The diner and the firehouse both filed motions for summary judgment. The Supreme Court of Greene County denied the defendants’ motions, indicating that the defendants failed to meet their summary judgment burdens as there were triable issues of material fact as to their negligence. The defendants, however, appealed the Supreme Court’s decision.
The New York Appellate Division, Third Department, reversed the Supreme Court’s denial of the firehouse’s motion for summary judgment but affirmed the denial of the diner’s summary judgment motion. In its decision, the Appellate Division discussed that “landowner(s) have a duty to maintain [their] property in a reasonably safe condition, trivial defects are not actionable.” (Gami v. Cornell Univ., 162 AD3d 1441, 1442 (2018), lv denied 32 NY3d 916 (2019)). Additionally, New York courts have not established a bright-line rule for how much height differential between sidewalk slabs would render a defect trivial. Rather, courts look to various factors, including the “width, depth, elevation, irregularity and appearance of the defect along with the time, place and circumstance of the injury.” Id. at 1442.

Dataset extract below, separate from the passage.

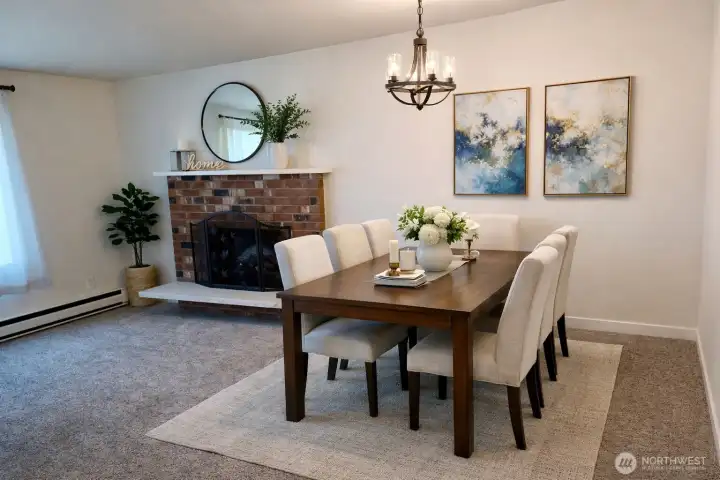 Downstairs unit, virtually staged. Photos taken prior to current tenant occupying unit.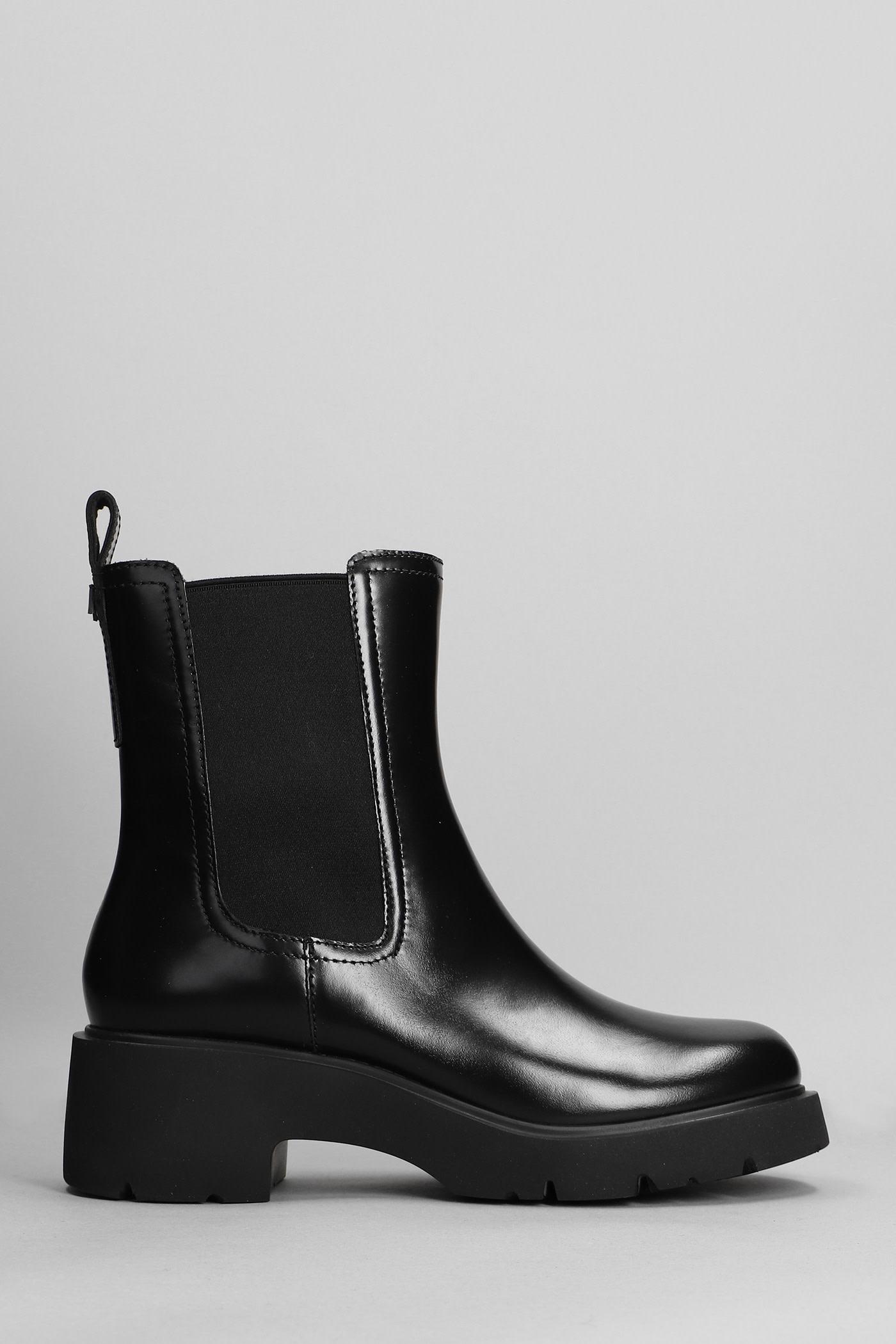 Camper Milah Combat Boots In Black Leather | Lyst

The Appellate Division affirmed the denial of summary judgment as to the diner. Specifically, the Court held that the diner failed to establish that it did not create the alleged dangerous condition when he undertook the repairs to the sidewalk. As to the firehouse, the Appellate Division reversed the trial court’s denial of summary judgment. In reversing the lower court, the Appellate Division found that the firehouse had not made any changes to the sidewalk or curb area since purchasing the property in 2004. Additionally, the firehouse was never notified of the diner’s intent to install the new sidewalk. The contractor hired by the diner had no contract with the firehouse. Therefore, the Appellate Division held that the firehouse did not create the alleged defect that caused the Plaintiff’s fall and it was entitled to summary judgment.